Aim of the exercise> Please write out only the lines from the line with "中国与乌拉圭足球赛时间安排及赛事前瞻分析" to the line with "Portrait de Conrad", inclusive, exactly as they stand below, without the pictures.

Entries shown>
---*---
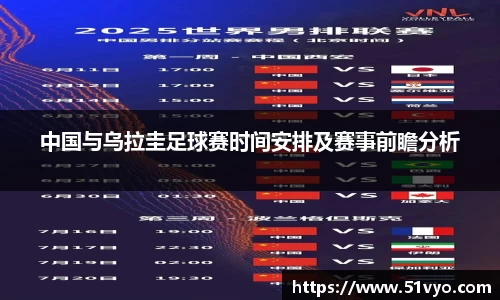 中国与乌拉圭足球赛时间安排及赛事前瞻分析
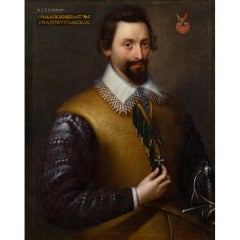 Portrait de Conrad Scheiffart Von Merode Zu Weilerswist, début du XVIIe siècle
---*---
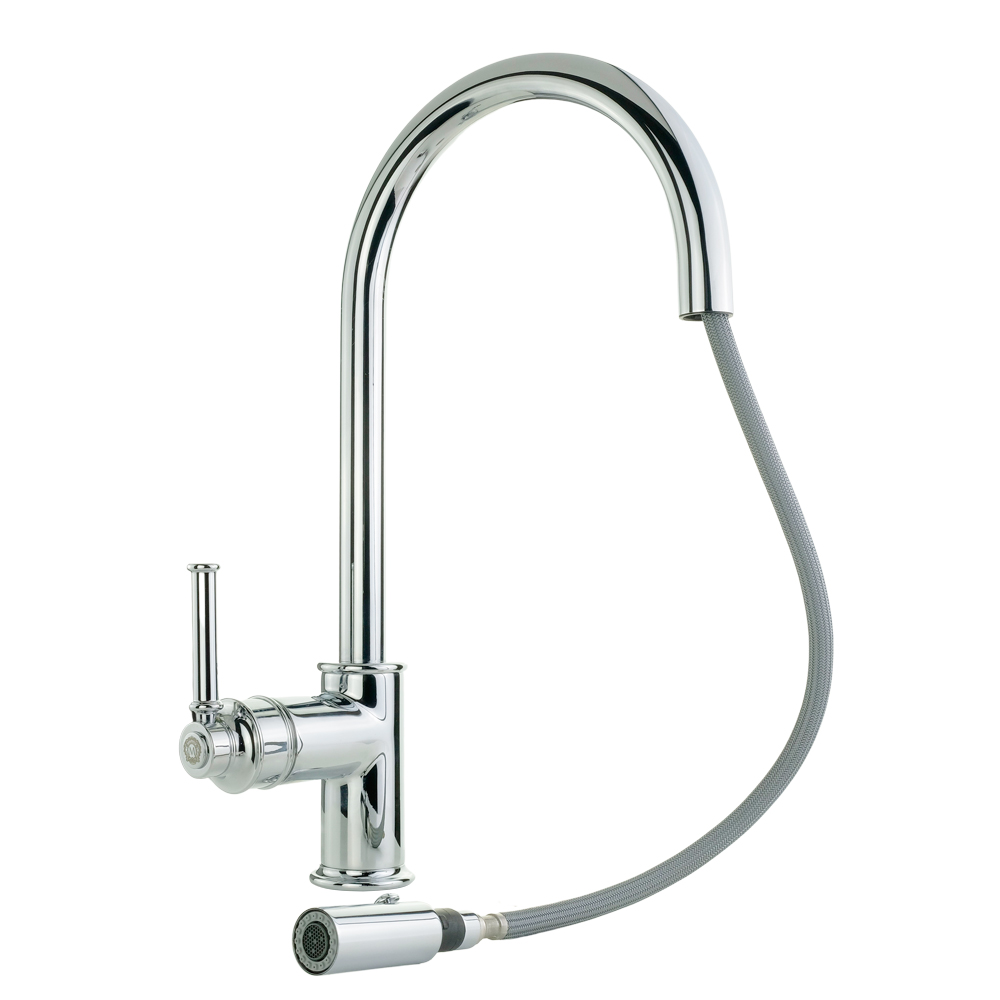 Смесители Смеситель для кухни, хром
---*---
Output for this task>
 中国与乌拉圭足球赛时间安排及赛事前瞻分析
 Portrait de Conrad Scheiffart Von Merode Zu Weilerswist, début du XVIIe siècle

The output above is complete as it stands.